Carmen Hodgkinson nodded and asked, still without scepticism, ‘Like reiki?’

‘I suppose it does have some elements in common, but it’s not reiki. Anyway, I’m not trained in reiki, nor have I ever claimed to be.’

‘I see. So the healing power comes from within you?’

Jude found herself uncharacteristically embarrassed by the question. ‘I suppose it does, yes.’

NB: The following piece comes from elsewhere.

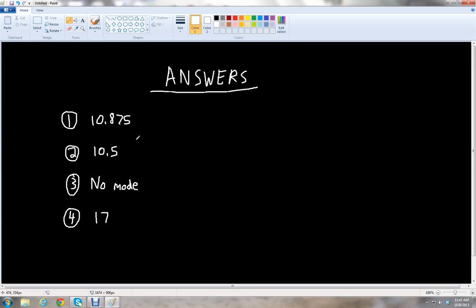Let's check our answers: mean is 10.875, median is 10.5, there is no mode, and the range is 17. So those are the answers. And if you got those, great job! This is Ben McGehee with Yami Chess. Thank you for watching this lesson. Please stay tuned for more lessons on YammyChess.com. Have a great day.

‘I used to be a complete cynic about that kind of thing, but I have seen healing work. On humans and animals. I think it was the animals that convinced me. I mean, you can fool a human being with a load of blarney and mumbo-jumbo, but you’re never going to get away with that with a police Alsatian, are you?’

‘No.’

‘Right,’ said Carmen Hodgkinson, suddenly businesslike. ‘Let’s put you back in your TMO role. Is there any reason why you think that Fennel Whittaker did not commit suicide?’

‘My main reason is that she seemed so together on Friday evening, so positive.’